Input data Block Start

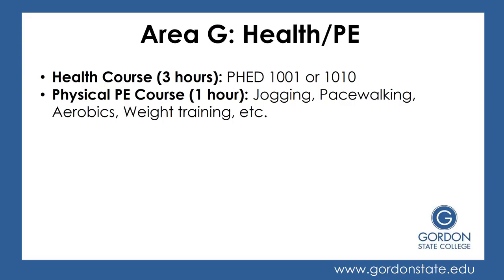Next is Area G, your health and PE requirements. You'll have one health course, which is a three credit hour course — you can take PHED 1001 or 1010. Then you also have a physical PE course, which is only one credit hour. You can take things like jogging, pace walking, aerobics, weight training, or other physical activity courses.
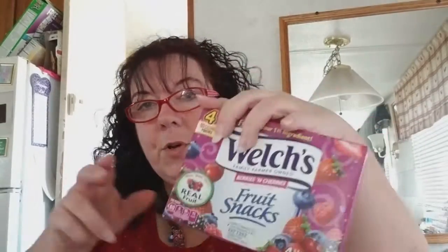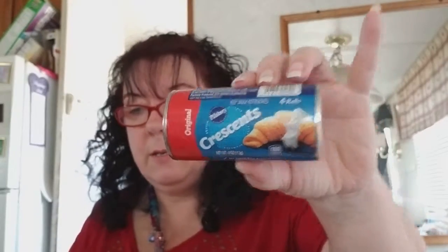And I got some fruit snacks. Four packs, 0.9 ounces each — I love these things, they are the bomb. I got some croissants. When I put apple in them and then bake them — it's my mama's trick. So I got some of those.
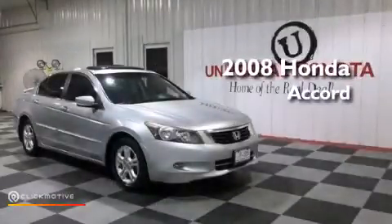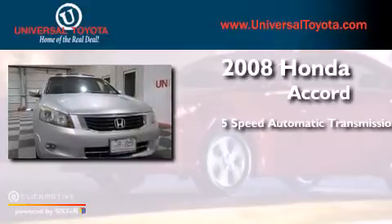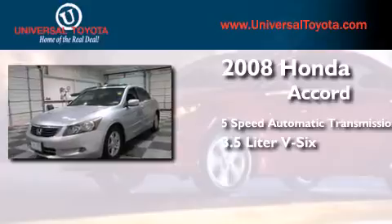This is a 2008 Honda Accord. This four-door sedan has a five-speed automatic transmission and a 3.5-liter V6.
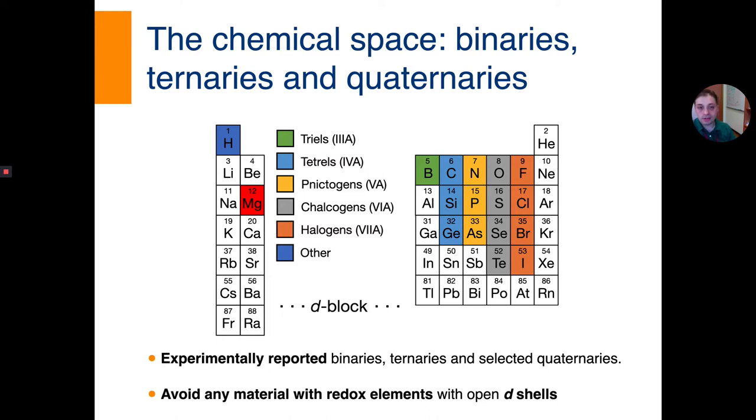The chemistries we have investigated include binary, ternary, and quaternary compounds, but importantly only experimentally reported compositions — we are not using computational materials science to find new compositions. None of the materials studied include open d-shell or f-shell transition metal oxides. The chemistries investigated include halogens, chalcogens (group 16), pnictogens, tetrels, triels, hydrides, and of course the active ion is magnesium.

Input data Block End
Input data Block Start

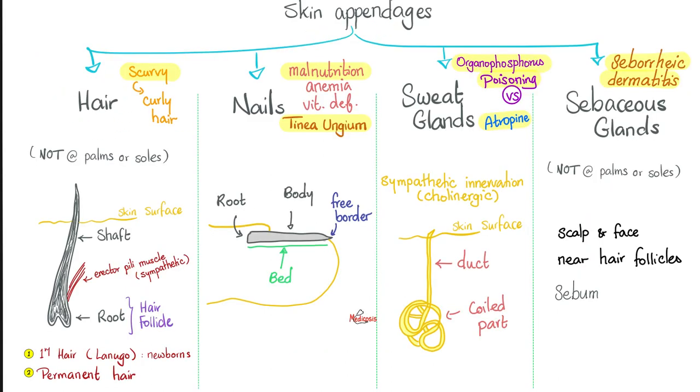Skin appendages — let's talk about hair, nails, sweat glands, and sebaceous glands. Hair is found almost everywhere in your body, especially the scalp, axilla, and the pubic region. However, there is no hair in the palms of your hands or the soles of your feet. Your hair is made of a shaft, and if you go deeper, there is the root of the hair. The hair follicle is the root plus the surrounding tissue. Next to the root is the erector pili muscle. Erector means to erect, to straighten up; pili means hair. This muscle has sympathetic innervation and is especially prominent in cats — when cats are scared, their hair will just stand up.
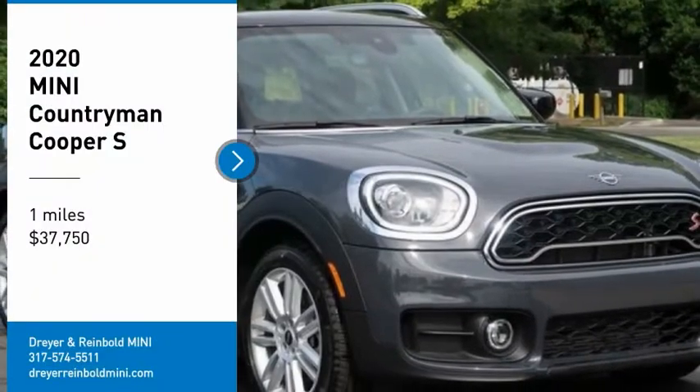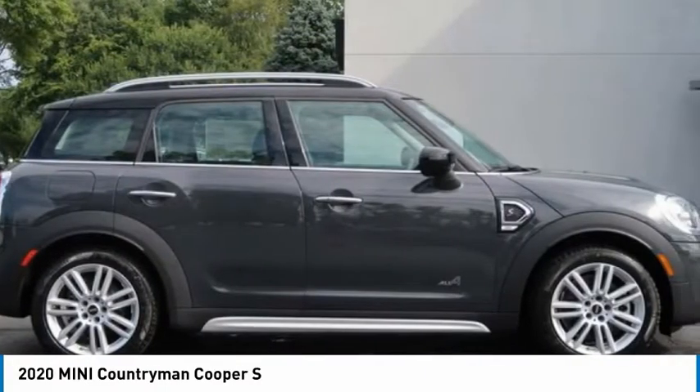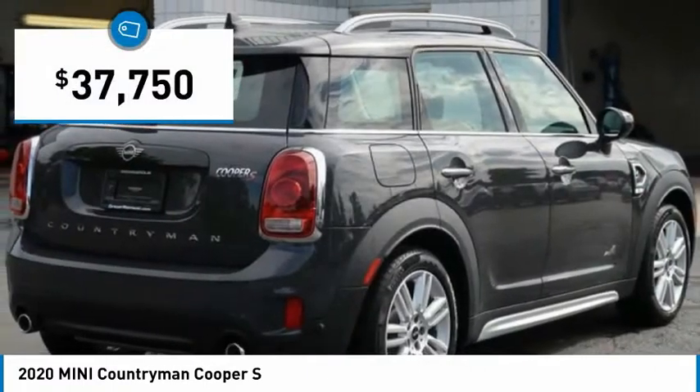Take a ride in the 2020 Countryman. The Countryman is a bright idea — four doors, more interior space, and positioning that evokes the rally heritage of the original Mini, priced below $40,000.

Input data Block End

Your objective → What are the lines in the records above, word for word, from the one containing "And I got some" through the one containing "This is a 2008", both ends included and pictures left out?

Response for this exercise →
And I got some fruit snacks. Four packs, 0.9 ounces each — I love these things, they are the bomb. I got some croissants. When I put apple in them and then bake them — it's my mama's trick. So I got some of those.
This is a 2008 Honda Accord. This four-door sedan has a five-speed automatic transmission and a 3.5-liter V6.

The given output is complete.